(457d) Illinois Basin Experiences Estimating the Area-of-Review for Industrial-Scale Carbon Capture and Storage Projects | AIChE

(457d) Illinois Basin Experiences Estimating the Area-of-Review for Industrial-Scale Carbon Capture and Storage Projects

Authors 

Okwen, R. - Presenter, University of Illinois
Carman, C., Illinois State Geological Survey
One of the key requirements for obtaining a US Environmental Protection Agency’s (EPA) Underground Injection Control (UIC) Class VI permit to construct CO2 injection wells is to estimate the Area-of-Review (AoR), which is “delineated using computational modeling that accounts for the physical and chemical properties of all phases of the injected carbon dioxide stream and displaced fluids, and is based on available site characterization, monitoring, and operational data.” AoR delineation is required to ensure the project protects Underground Sources of Drinking Water (USDW) during injection operations. The AoR of a carbon dioxide (CO2) storage project is either the maximum areal extent of the CO2 plume, a threshold pressure front during the lifetime of a storage project, or a combination of these. The CO2 plume extent is estimated based on CO2 saturation within the injection reservoir using a predefined saturation cutoff. The threshold pressure front is defined by the minimum pressure increase required to initiate fluid flow from the injection zone into the lowermost USDW through a notional conduit. The CO2 plume extent and threshold pressure front in storage projects are estimated from dynamic reservoir simulation of the injection and post-injection phases, which uses the conceptual and static reservoir models developed during site characterization as inputs.

Determining the threshold pressure front requires the calculation of a threshold differential pressure using measured (1) depths, (2) pressures, and (3) fluid densities at the lowermost USDW and the injection zone.

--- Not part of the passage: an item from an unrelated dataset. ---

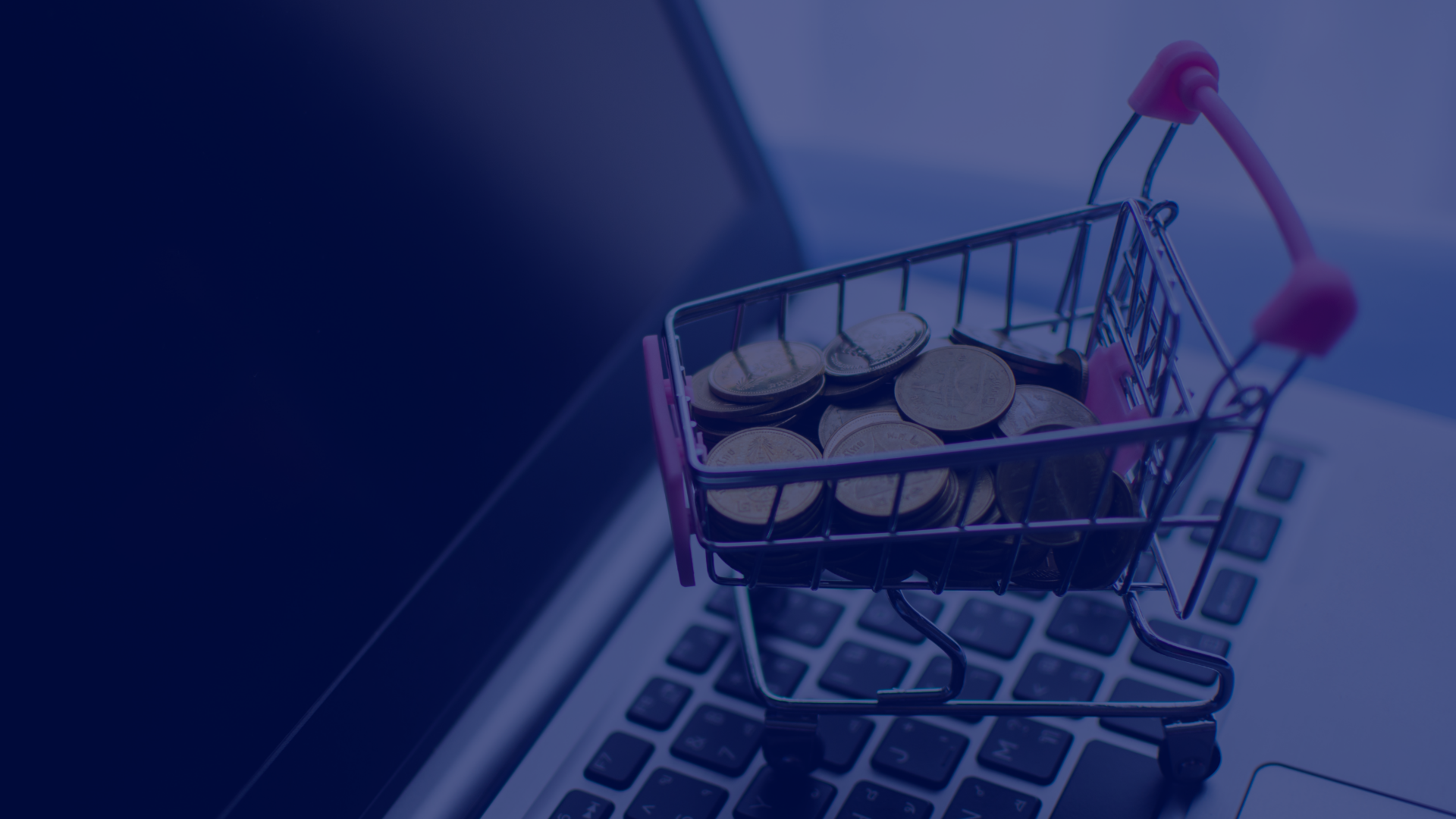 A miniature shopping cart filled with gold coins sits on a laptop keyboard in this close-up studio shot. The composition highlights the concept of online spending, digital transactions, and the ease of ecommerce. The muted lighting and modern laptop design creates a sophisticated feel, making this image ideal for conveying themes of financial technology, investments, digital marketing, and online commerce.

The threshold differential pressure, the difference between the threshold pressure and the initial pressure in the injection zone, can be positive, zero, or negative, corresponding to an injection reservoir that is under-pressurized, at hydrostatic equilibrium, or over-pressurized relative to the USDW. An under-pressurized injection reservoir can accommodate a pressure increase equivalent to the positive threshold differential pressure without the potential migration of fluids to the USDW. For an injection reservoir at hydrostatic equilibrium, migration of fluids to the USDW is likely during CO2 injection. On the other hand, the migration of fluids to the USDW from an over-pressurized reservoir is likely even without CO2 injection.

In this study, we use US Department of Energy-sponsored CarbonSAFE project experiences involving the characterization of several storage projects in the Illinois Basin to demonstrate the challenges in determining the AoR. Uncertainty of in-situ fluid density propagates to AoR delineation: the accuracy of in-situ fluid density measurements can be low due to (1) challenges in obtaining representative fluid samples or (2) the use of a salinity-density correlation from the technical literature when a fluid sample is unavailable. The threshold pressure calculation is highly sensitive to fluid density; therefore, these challenges can have a substantial impact on the calculated threshold pressure. Because the areal extent of the pressure front decreases exponentially with the threshold differential pressure, the pressure front extent is sensitive to changes in threshold differential pressure when threshold differential pressure is low.